- _Directions_: Please return exactly the lines from the top of the data through the line that contains "软件项目实施方案模板_第3页", and skip all pictures.

[Data section]

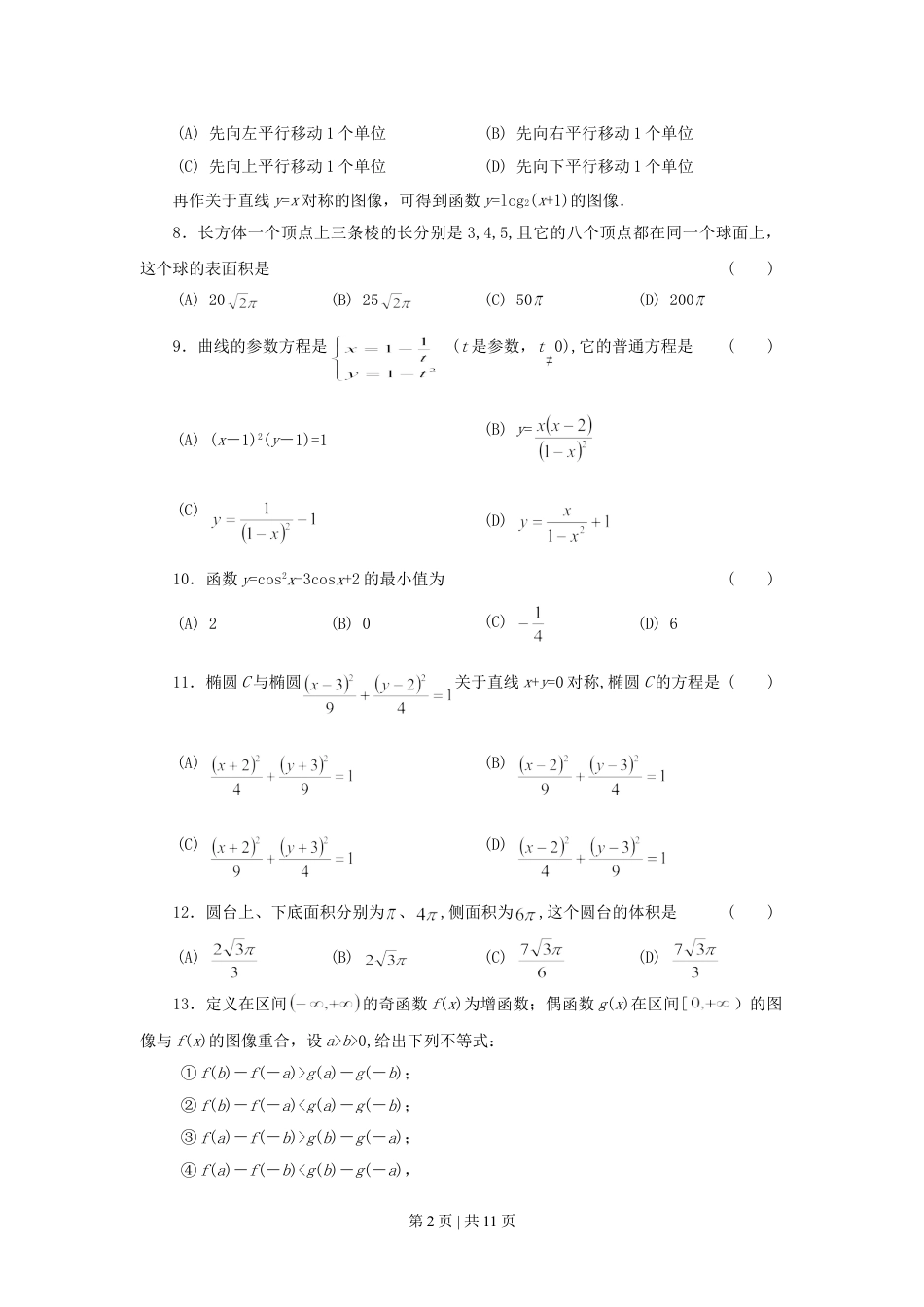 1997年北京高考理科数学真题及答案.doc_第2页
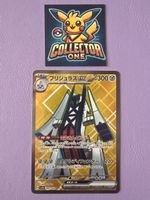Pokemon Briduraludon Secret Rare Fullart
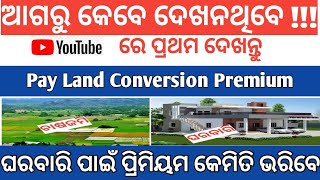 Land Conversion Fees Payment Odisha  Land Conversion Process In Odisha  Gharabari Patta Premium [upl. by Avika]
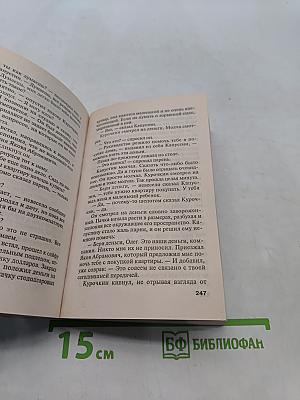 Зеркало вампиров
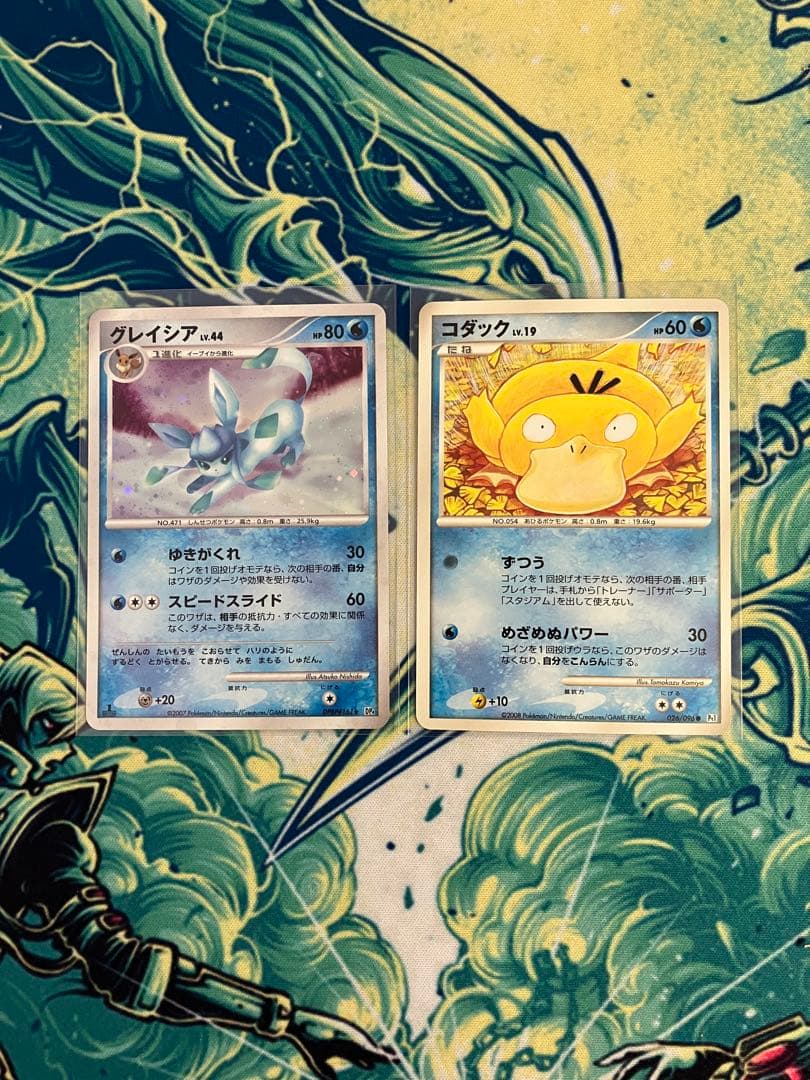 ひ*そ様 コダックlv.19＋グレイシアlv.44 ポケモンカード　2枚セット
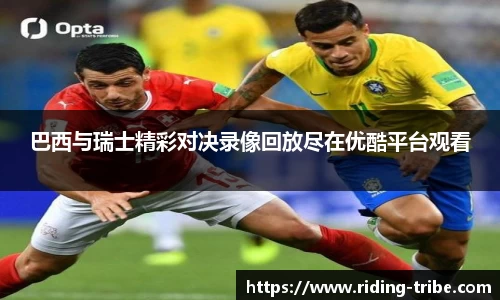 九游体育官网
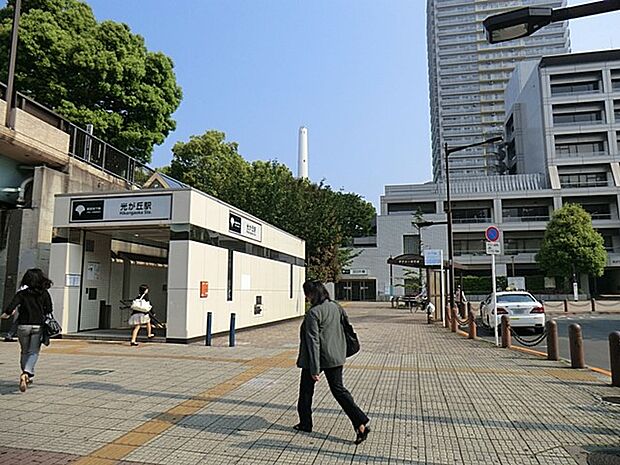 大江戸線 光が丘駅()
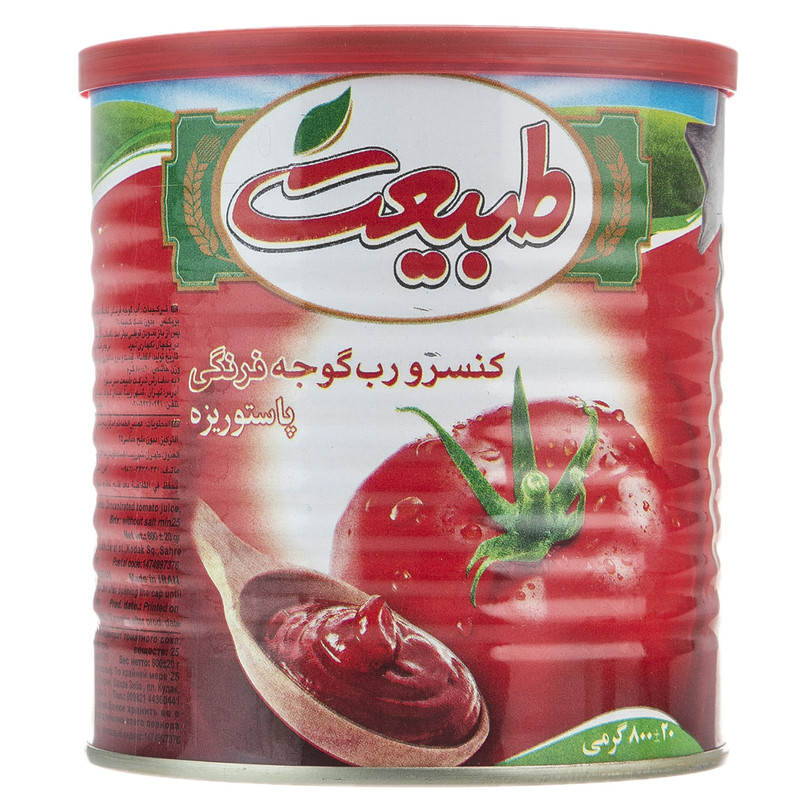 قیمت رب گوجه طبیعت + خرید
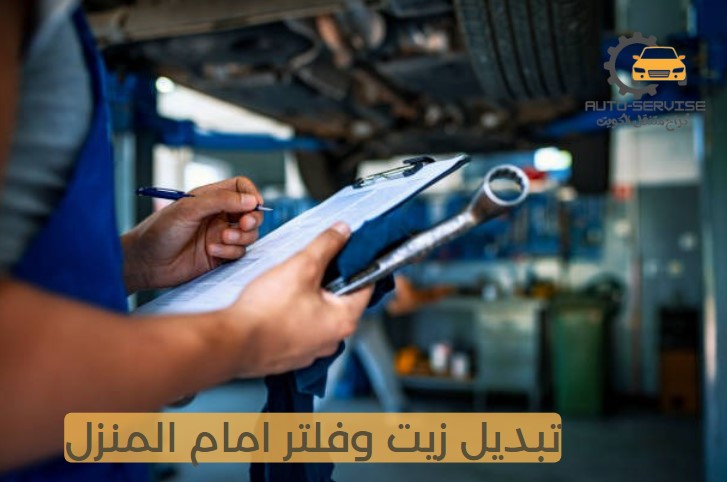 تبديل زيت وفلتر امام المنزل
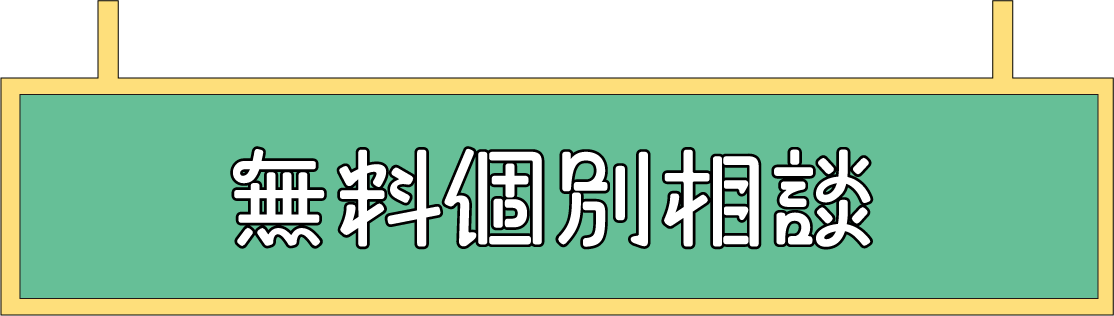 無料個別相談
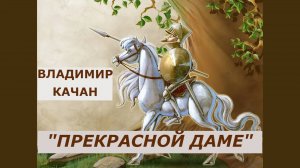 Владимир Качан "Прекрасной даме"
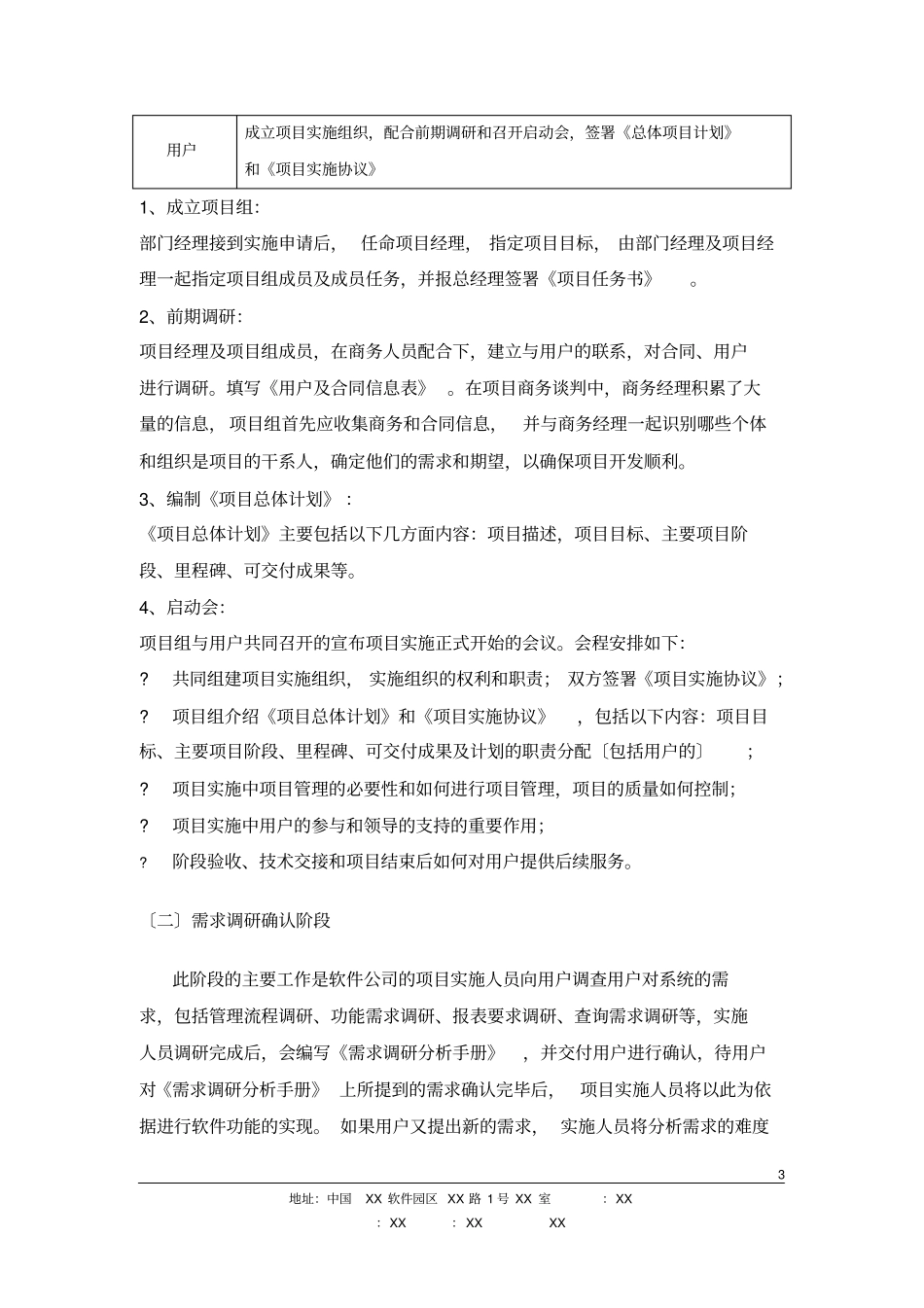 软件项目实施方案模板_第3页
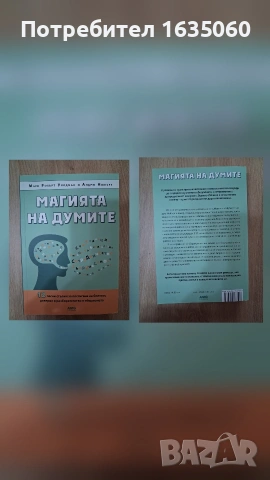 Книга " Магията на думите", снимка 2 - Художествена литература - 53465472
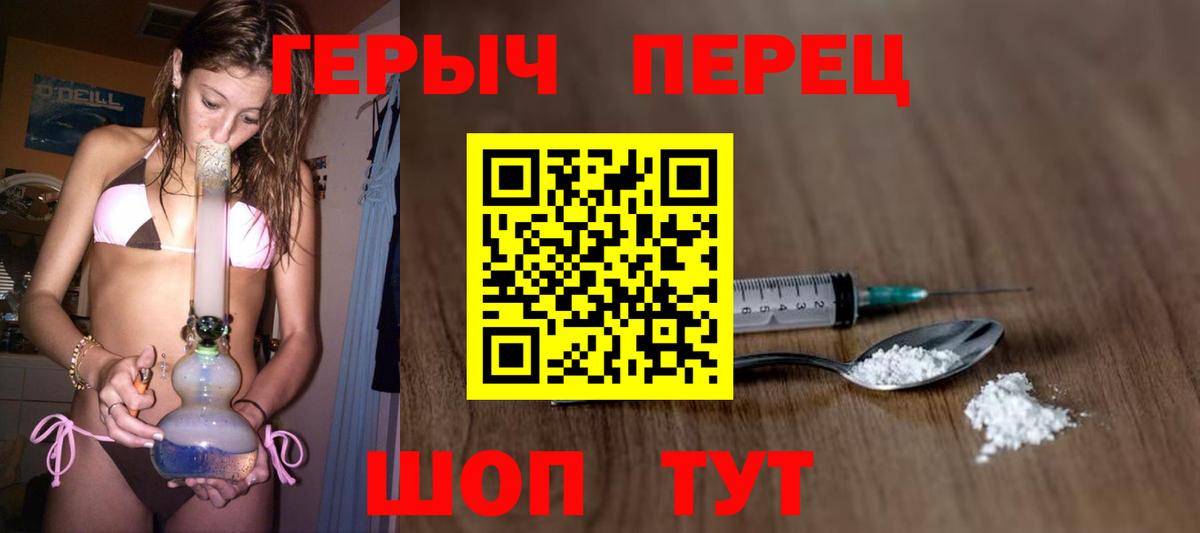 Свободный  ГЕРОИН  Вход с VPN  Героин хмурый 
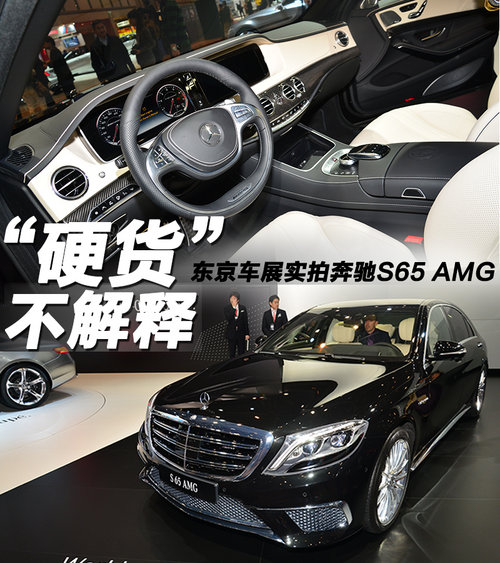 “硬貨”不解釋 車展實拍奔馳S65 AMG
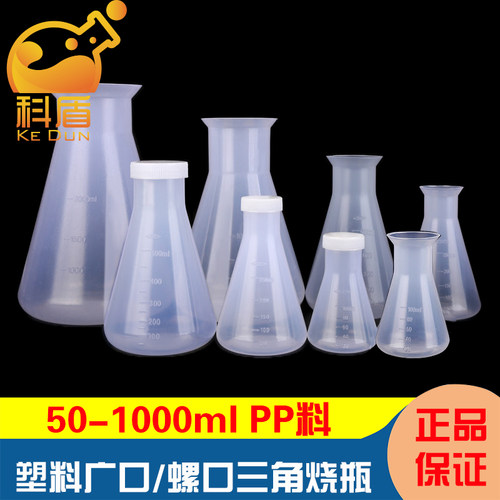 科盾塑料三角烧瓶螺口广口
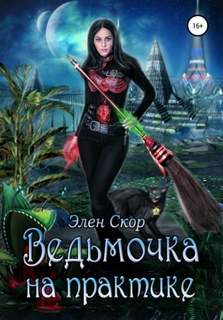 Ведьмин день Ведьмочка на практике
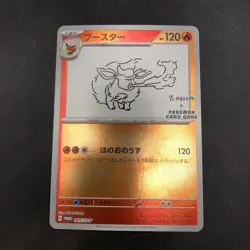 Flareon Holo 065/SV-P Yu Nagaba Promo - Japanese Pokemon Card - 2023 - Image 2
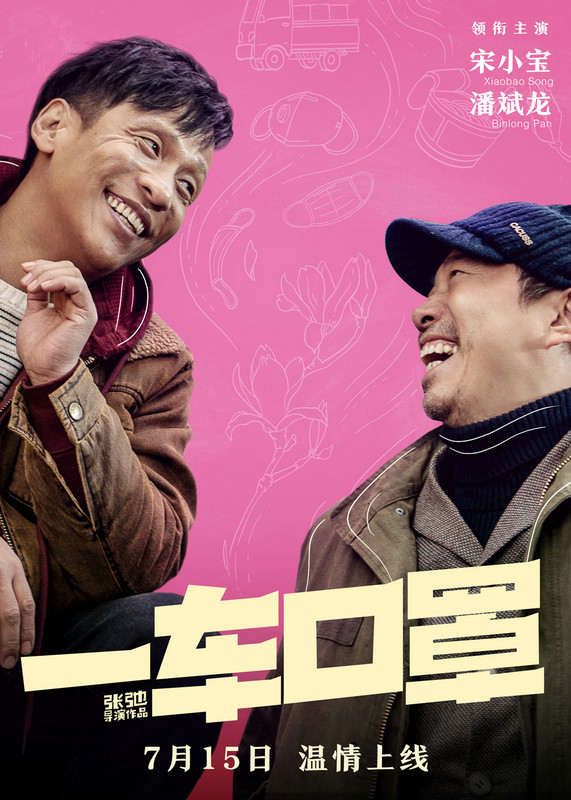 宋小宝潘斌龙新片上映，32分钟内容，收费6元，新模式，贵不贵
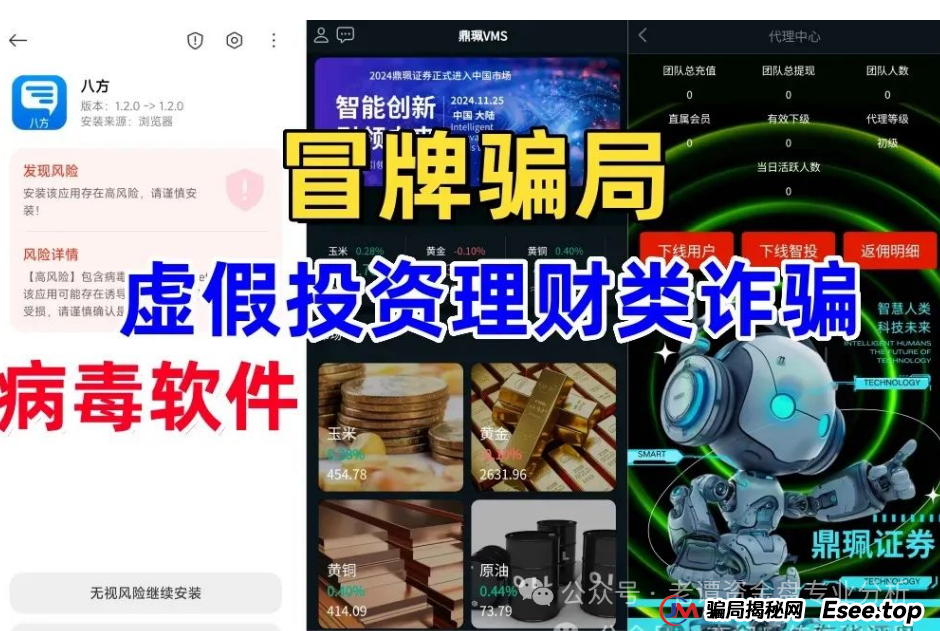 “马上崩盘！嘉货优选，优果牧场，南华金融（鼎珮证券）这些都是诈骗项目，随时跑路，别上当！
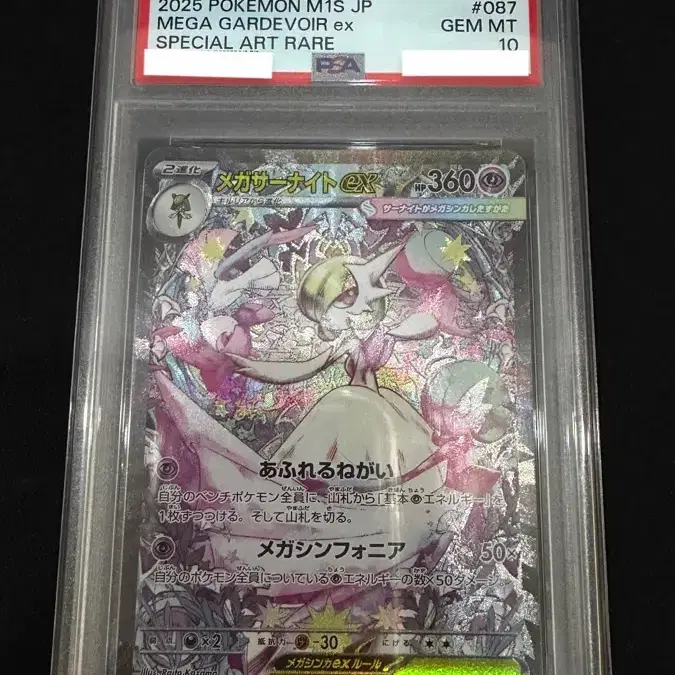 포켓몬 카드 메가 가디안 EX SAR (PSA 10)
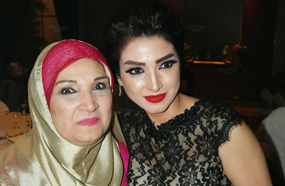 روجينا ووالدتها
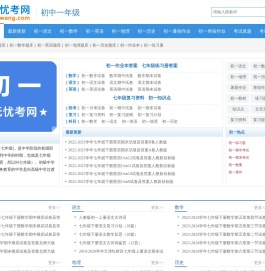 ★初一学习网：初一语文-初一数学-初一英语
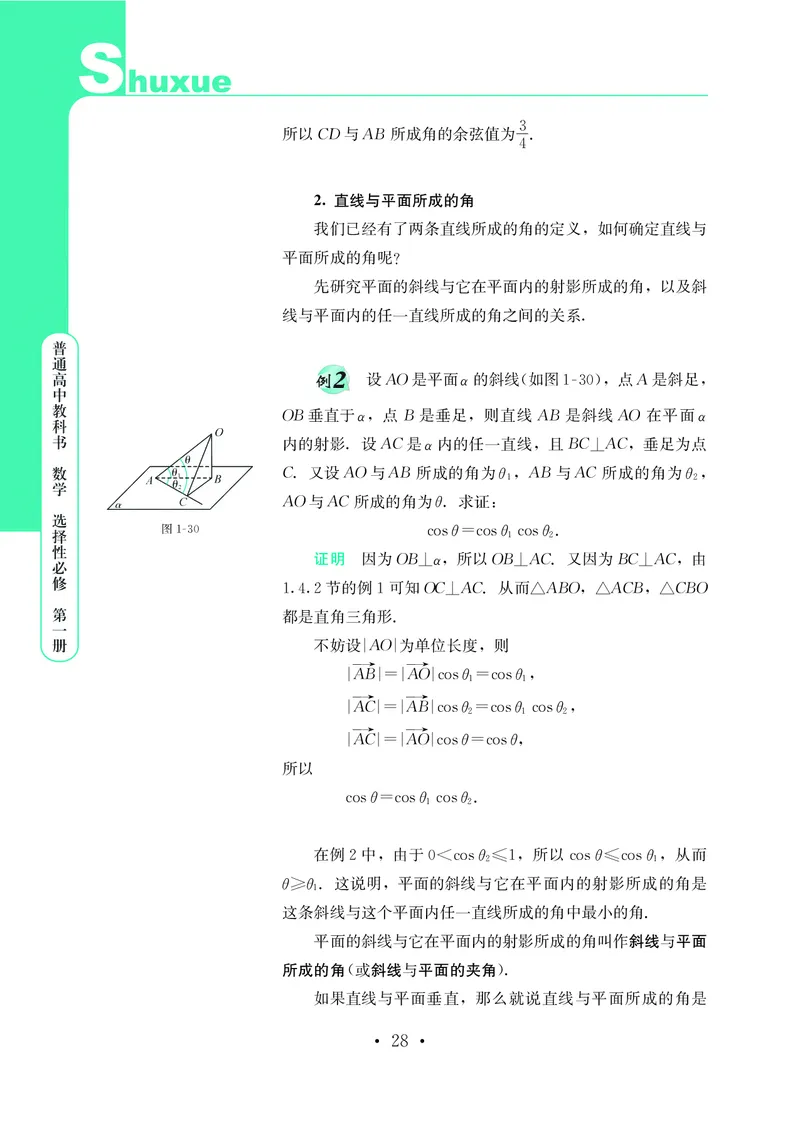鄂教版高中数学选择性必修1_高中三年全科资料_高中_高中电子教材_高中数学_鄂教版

[/Data section]

- _Written reply_:
 1997年北京高考理科数学真题及答案.doc_第2页
Pokemon Briduraludon Secret Rare Fullart
 Land Conversion Fees Payment Odisha  Land Conversion Process In Odisha  Gharabari Patta Premium [upl. by Avika]
 Зеркало вампиров
 ひ*そ様 コダックlv.19＋グレイシアlv.44 ポケモンカード　2枚セット
 九游体育官网
 大江戸線 光が丘駅()
 قیمت رب گوجه طبیعت + خرید
 تبديل زيت وفلتر امام المنزل
 無料個別相談
 Владимир Качан "Прекрасной даме"
 软件项目实施方案模板_第3页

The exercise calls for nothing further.